Can't get the link to work.

'As if by magic' it now works.


----------



## applevision (May 3, 2009)

matrixshaman said:


> Before you think about spending $49.50 on that necklace light you might want to look at the ones here - from white to blue to violet and other colors - looks similar except the price - $2.78 ! Here



Sweet! Thank you so much! I am going to check one out--at that price, unbeatable!

Thank you!!


----------



## Light Sabre (May 3, 2009)

The necklace reminds me of this site: Body lights, flashing blinky lights, Litecubes, flashing pins, blinking lights


----------



## loszabo (May 3, 2009)

Great thread. Thanks! lovecpf


----------



## applevision (May 5, 2009)

I will do some more formal and fancy write-ups as soon as I receive it, but I want to make sure folks are aware of how cool this sister-thread has gotten over here:

https://www.candlepowerforums.com/threads/216490

Check out page 9, starting with post 268 where the magic begins!
Here is a teaser (one of Chip's images):


----------



## applevision (May 10, 2009)

Hey guys,

Just wanted to point to my new review of the TiFli! It's a great little light that is a dream come true!

https://www.candlepowerforums.com/posts/2947702


----------



## applevision (May 14, 2009)

Hey guys,

I wanted to point anyone reading this thread to further and continued discussions:
http://www.candlepowerforums.com/vb/...d.php?t=216490
and
http://www.candlepowerforums.com/vb/...d.php?t=209606

I also wanted to say that I found my Phial of Galadriel:





It's the luscious one in the middle! It's called the TiFli and you can read about it in the posts I've highlighted above!

And here are some beamshot comparisons:




(full sized pics here: https://www.candlepowerforums.com/posts/2947702)

Anyway, just added this for folks in the future who stumble upon this thread... lovecpf


----------



## Zeruel (May 14, 2009)

Thanks for the effort, Apple.
It appears the recessed version has no spill due to the, well, recessed head. Right? And I'm a bit surprised at Streamlight Nano, the intensity and the Sauron-like beam...


----------



## applevision (May 14, 2009)

Zeruel said:


> Thanks for the effort, Apple.
> It appears the recessed version has no spill due to the, well, recessed head. Right? And I'm a bit surprised at Streamlight Nano, the intensity and the Sauron-like beam...



Hee hee!

I agree--the Nano gets the bang-for-the-buck award! It's potent! The beam is kind of artifacty, but a lot of it is just internal reflection; the proper beam is pretty smooth (but fairly blue)...

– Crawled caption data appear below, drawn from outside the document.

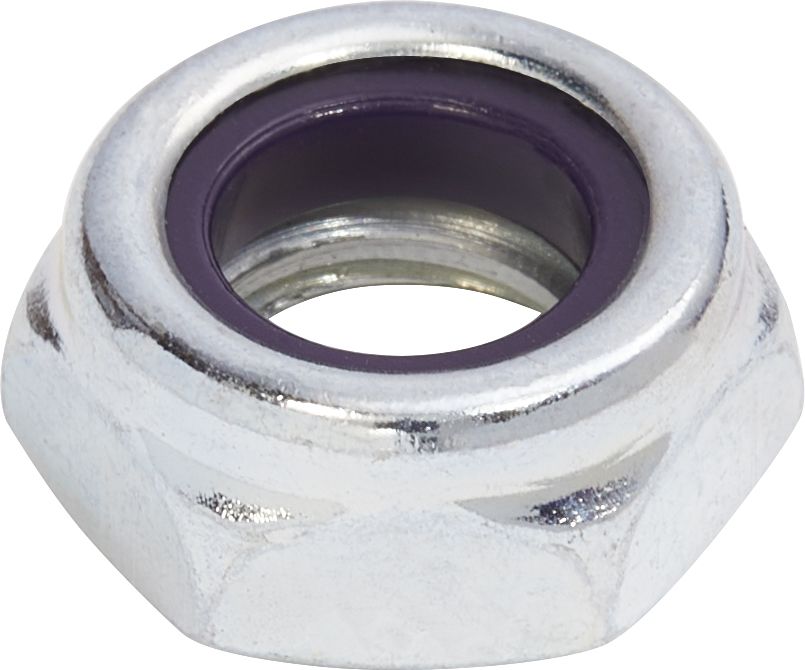 Nylon Insert Lock Nuts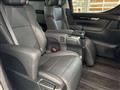 2023 Toyota Alphard Hybrid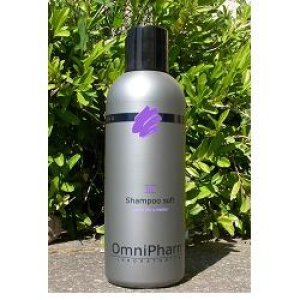 shampoo soft 06 200ml bugiardino cod: 903560302 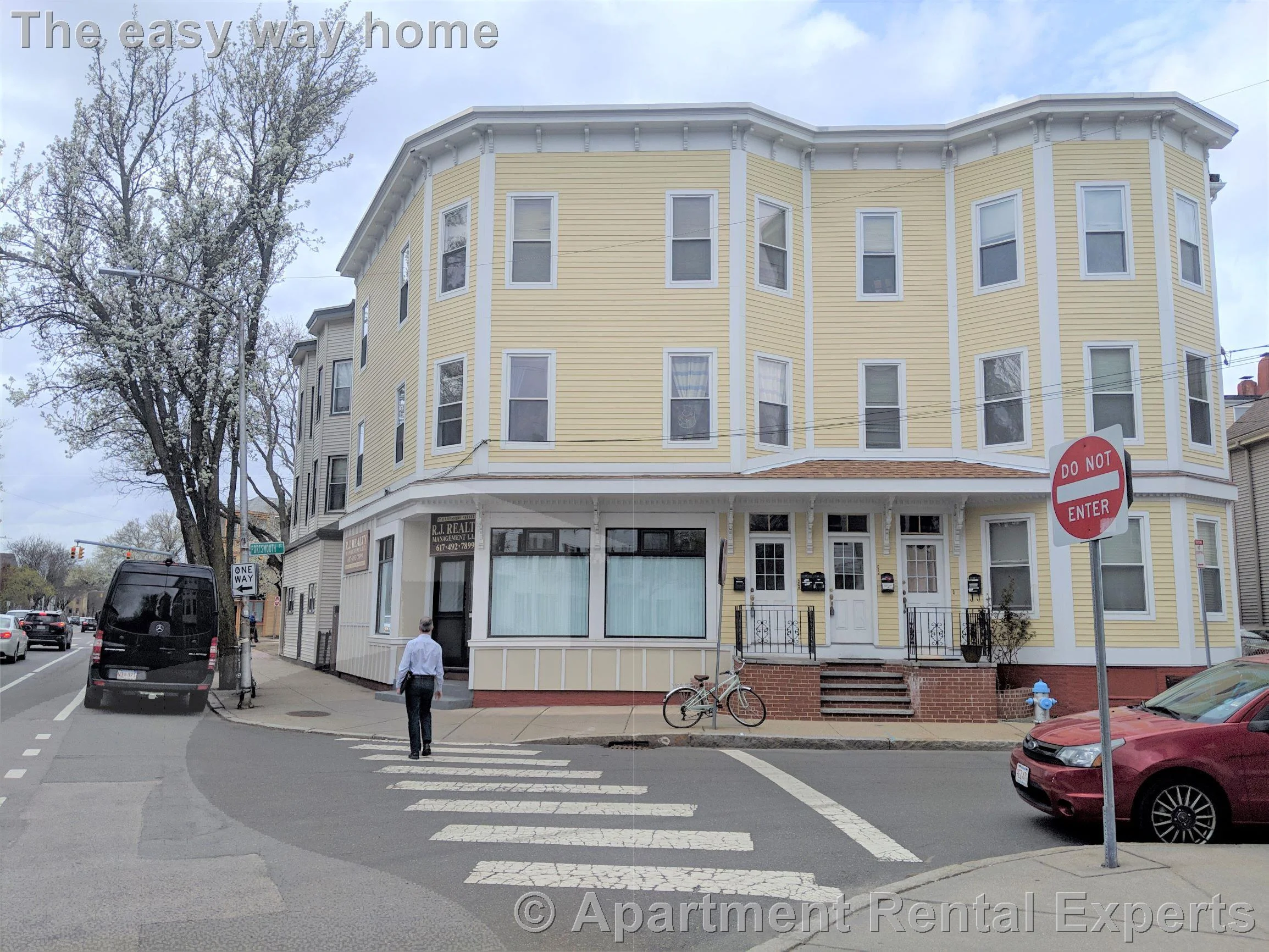 2 bed, 1 bath apartment for rent at 56 Portsmouth St Unit 3, Kendall Square — photo 16 of 16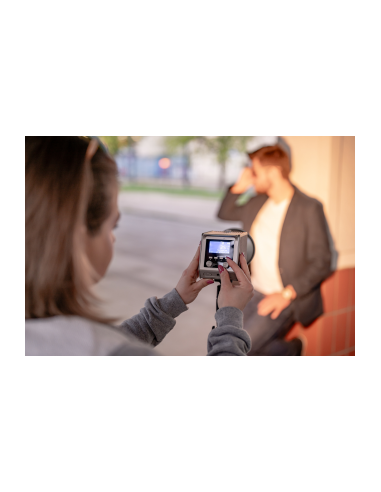 Lampa LED Newell Zora 90 WB (2700 - 6500 K)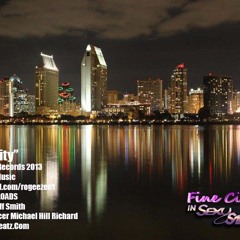 Fine City- San Diego
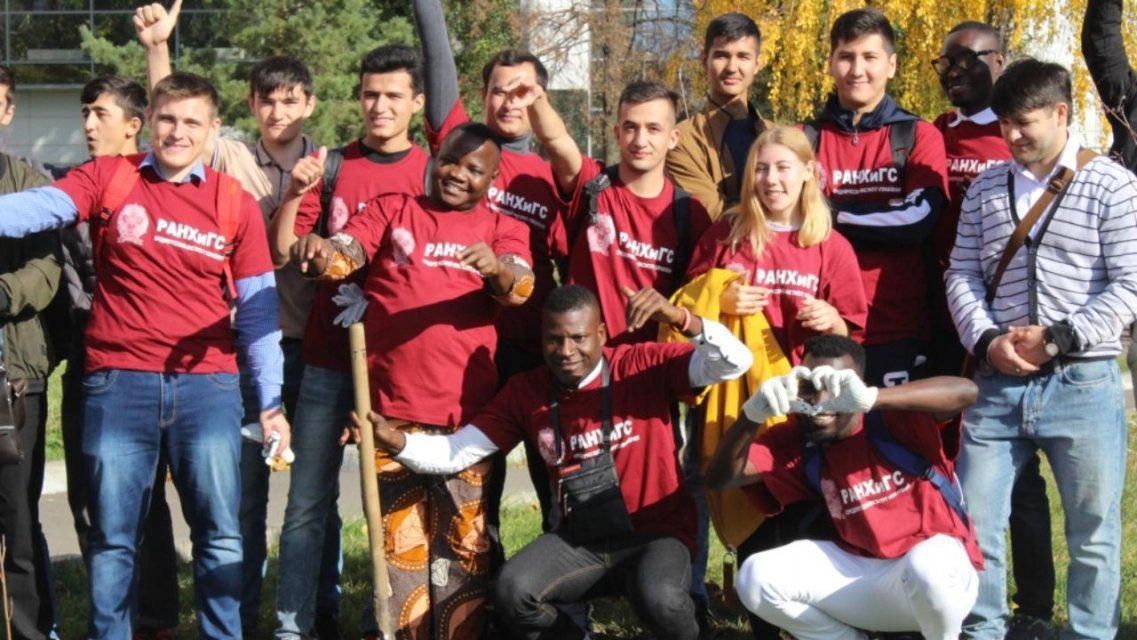 Около 15 тысяч иностранцев проживают в Орловской области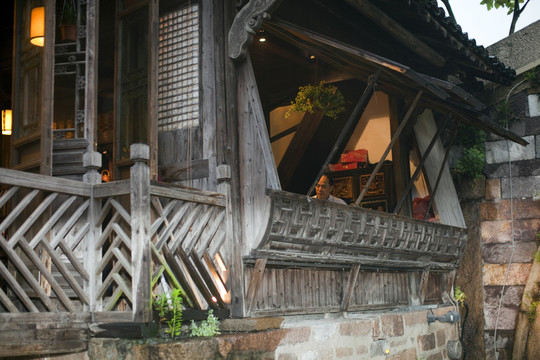 烏鎮(zhèn)
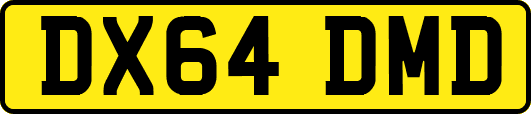 DX64DMD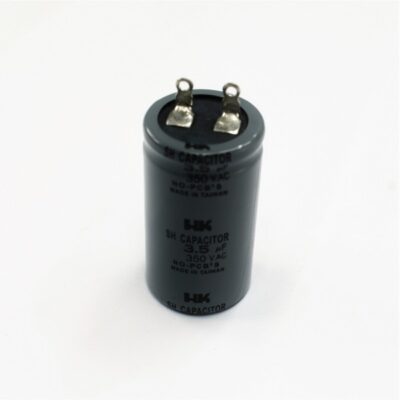 Capacitor 3.5/2.5 – Unleash Power, Precision, and Efficiency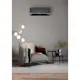 Panasonic HZ25ZKE 7,5kW Värme A+++ SCOP 5,3 Luftvärmepump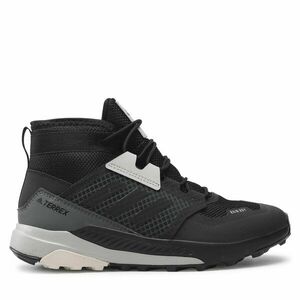 Bakancs adidas Terrex Trailmaker Mid R.Rd FW9322 Fekete kép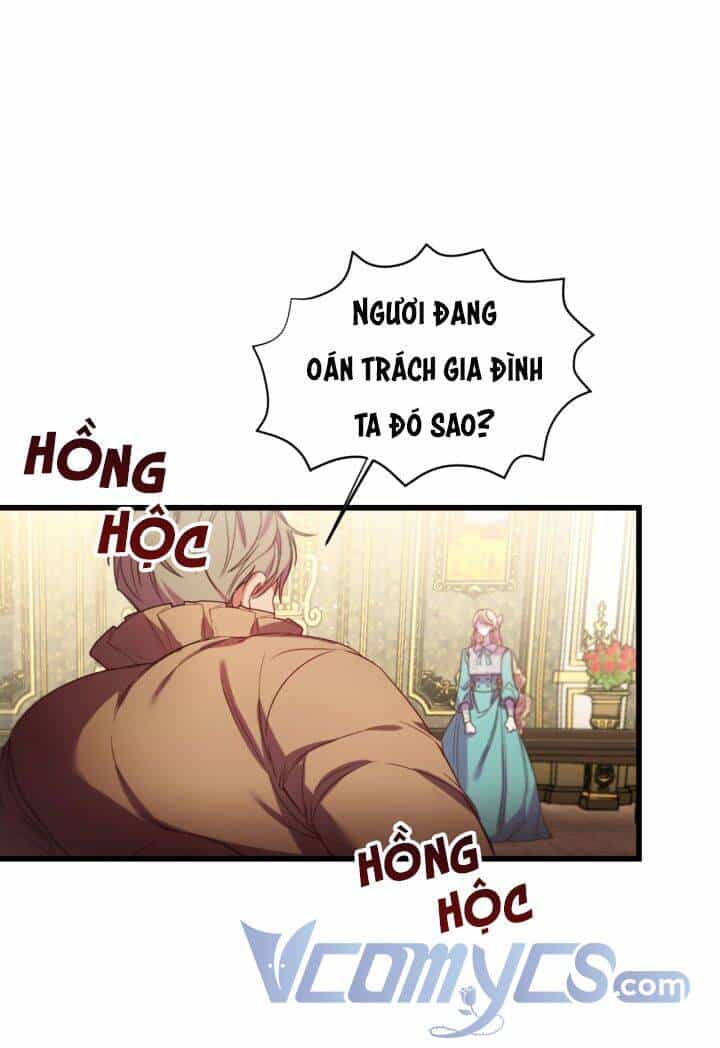Vị Hôn Thê Của Kẻ Săn Mồi - Chương 10 - ảnh 2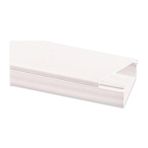 Sert Plastik 100X60 Kablo Kanalı 24 Mt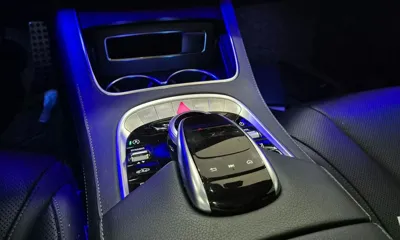 Mercedes-Benz S-Class 2020, 80090 км, за 35179.17 USD - фото 13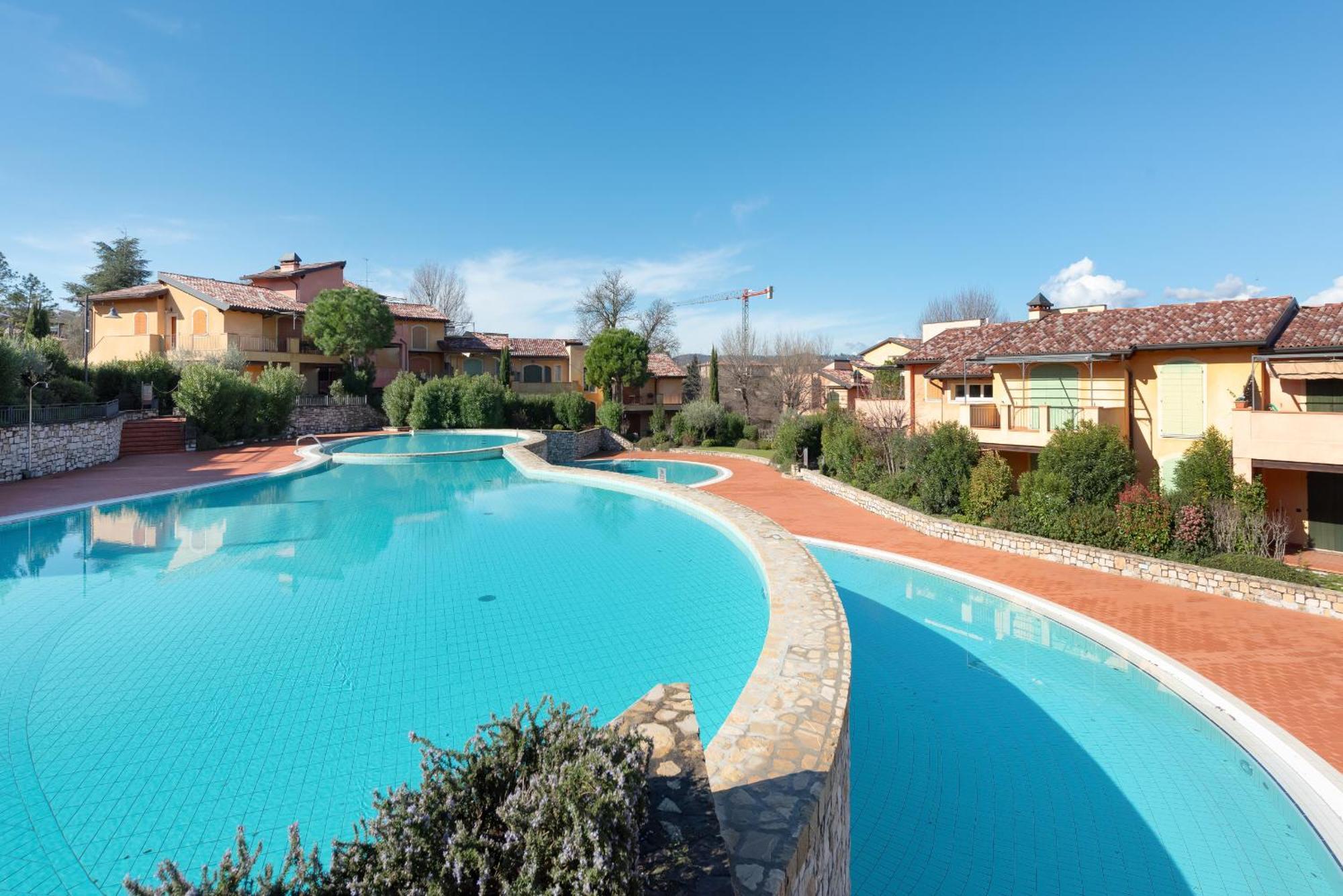 Borgo Del Torchio Ii By Wonderful Italy Apartment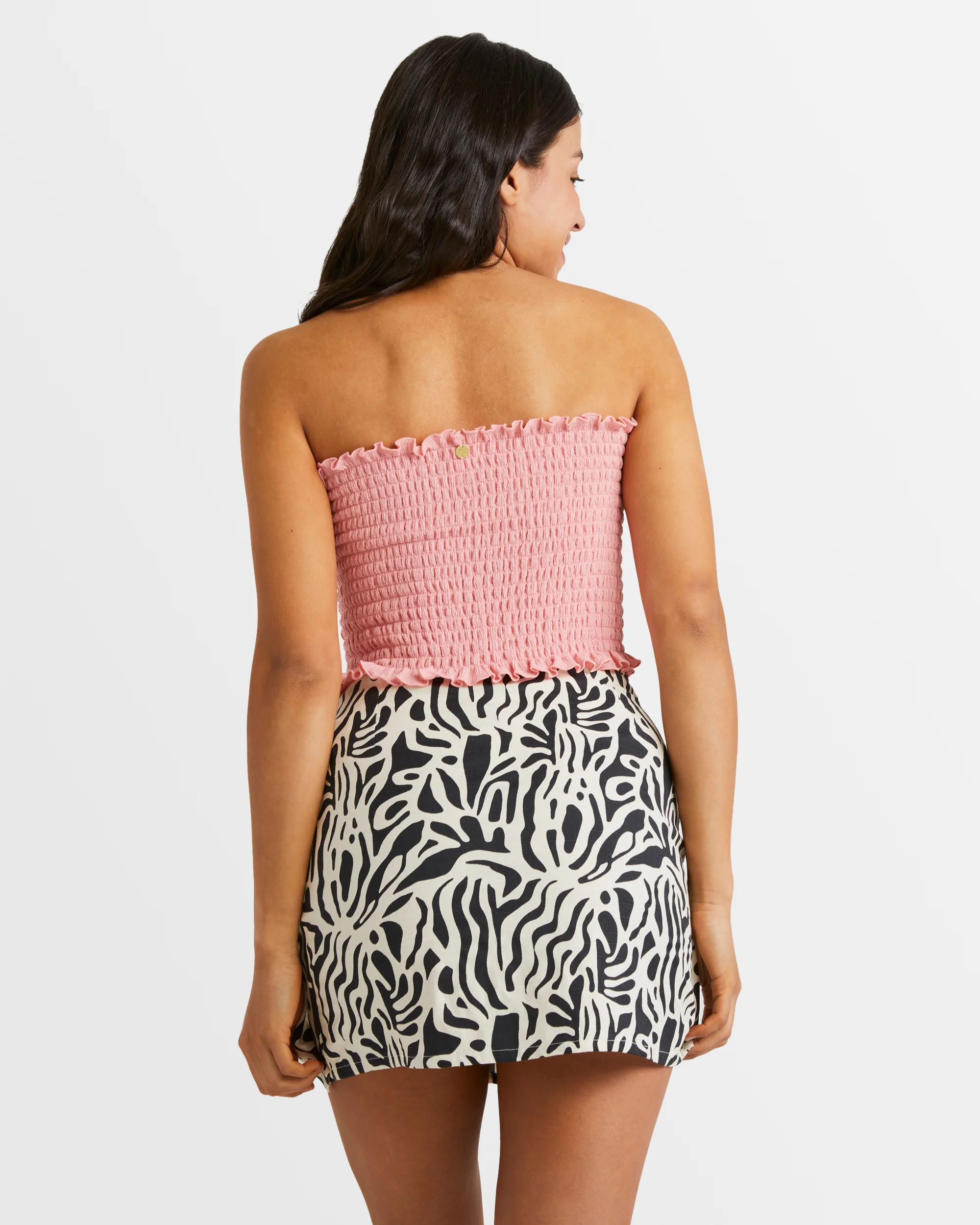 Womens La Cala Skirt - Image 3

Yes, I think the recessed head just puts out the cleanest beam since there is minimal side-scatter... 

Oh... and for Sauron... I was looking closely at the Nano's beamshot and was able to enhance the image just a bit...





Hee hee!!


----------



## applevision (Jun 25, 2009)

Hey team!

I just wanted to update... I received a little gift in the mail from *Crenshaw*! It's a little, teeny-tiny version of the fauxton! The order here is (from "top" to "Bottom"): 

La Petite Killer
Original FireFli
*Crenshaw's baby Fauxton "Picolight"!
*Fauxton
Lummi Wee
Streamlight Nano






It's so super cute and tiny!

It's dimmer even than the LPK and MUCH dimmer than the regular-sized fauxton; with it's tiny LED it's even dimmer than the original FireFli, but it still puts out plenty of usable light, especially in the pitch black, and golly is it cute! I just love it. It'd be perfect to wear on a neck chain. 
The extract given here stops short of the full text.